We Benchmarked the Most Popular Code Search Tools. We Beat All of Them.

Head-to-head benchmark: knowing vs codegraph (19K stars) vs Aider (20K stars) vs Gortex vs GitNexus across 117 tasks, 7 repos, 6 languages. knowing is 1.36x more precise than codegraph, 14x more precise than grep, 500x faster on enterprise repos, and finds new code in 167ms. Full statistical proof.

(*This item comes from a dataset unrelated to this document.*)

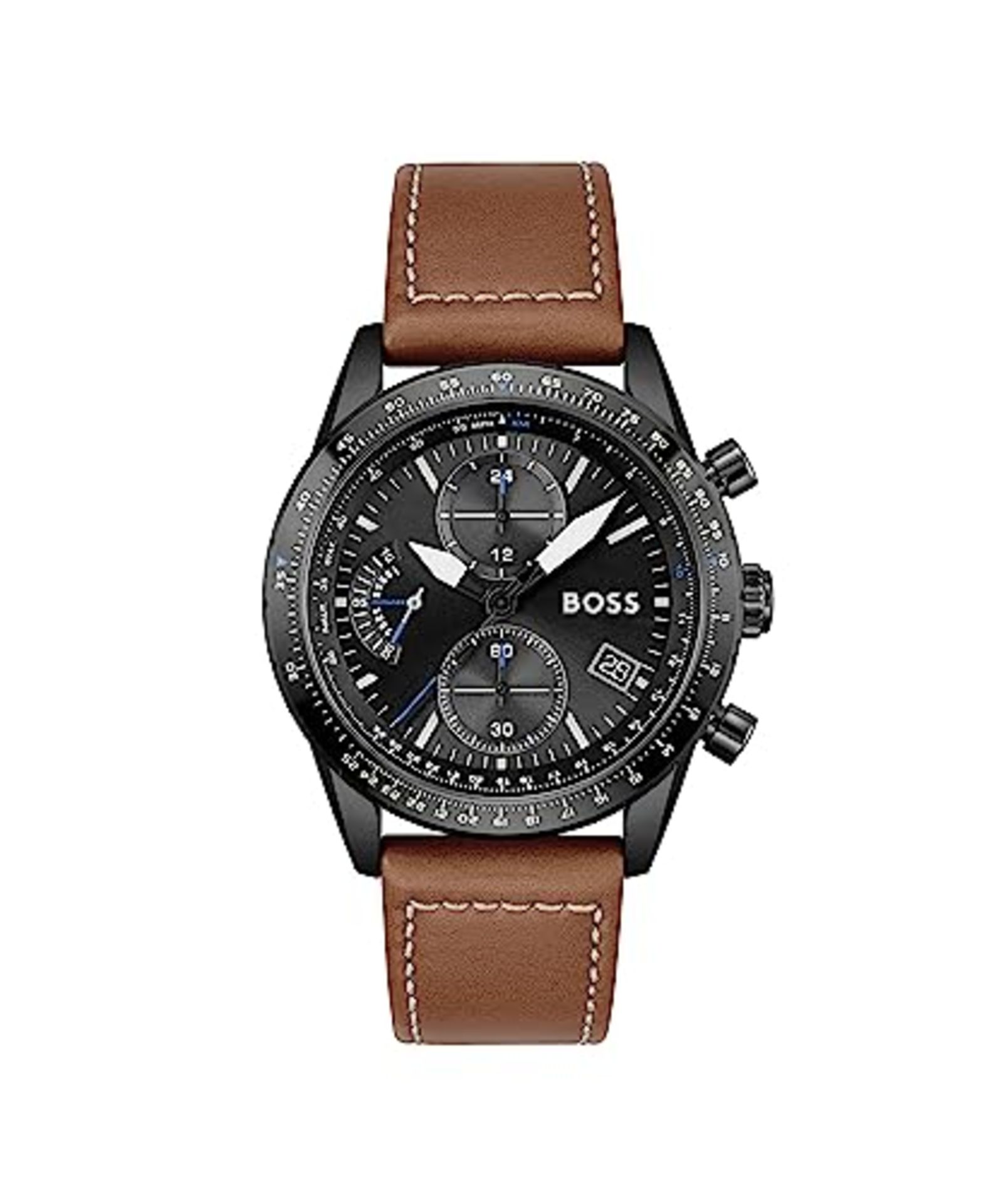 RRP £213.00 BOSS Chronograph Quartz Watch for Men with Light Brown Leather Strap - 1513851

codegraph has 19,459 GitHub stars. We have zero. So we stopped talking and started measuring.

The Headline

SystemP@10Query k8sTime-to-consistencyStars
knowing0.1852ms167ms0
codegraph0.135~1s805ms19,459
GitNexus0.075612msminutes-
Gortex0.063~6sminutes-
Aider-~3s3,150ms (timed out)~20K
codebase-memory-2,900msN/A (timed out)2,600
grep0.013instantinstantN/A

P@10 = fraction of top-10 results that are relevant to the task. Higher is better.

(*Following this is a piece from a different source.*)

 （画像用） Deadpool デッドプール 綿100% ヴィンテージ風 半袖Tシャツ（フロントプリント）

knowing is 1.36x more precise than codegraph (19K stars, tree-sitter + FTS5). knowing is 2.45x more precise than GitNexus (knowledge graph MCP). knowing is 2.92x more precise than Gortex (Go graph engine, 256 languages). knowing is 14.2x more precise than grep.

Why 19K Stars Means Nothing

codegraph uses tree-sitter + FTS5 + heuristic scoring (co-location bonuses, multi-term matching, CamelCase boundary matching). No graph-theoretic ranking. No random walk. No structural propagation.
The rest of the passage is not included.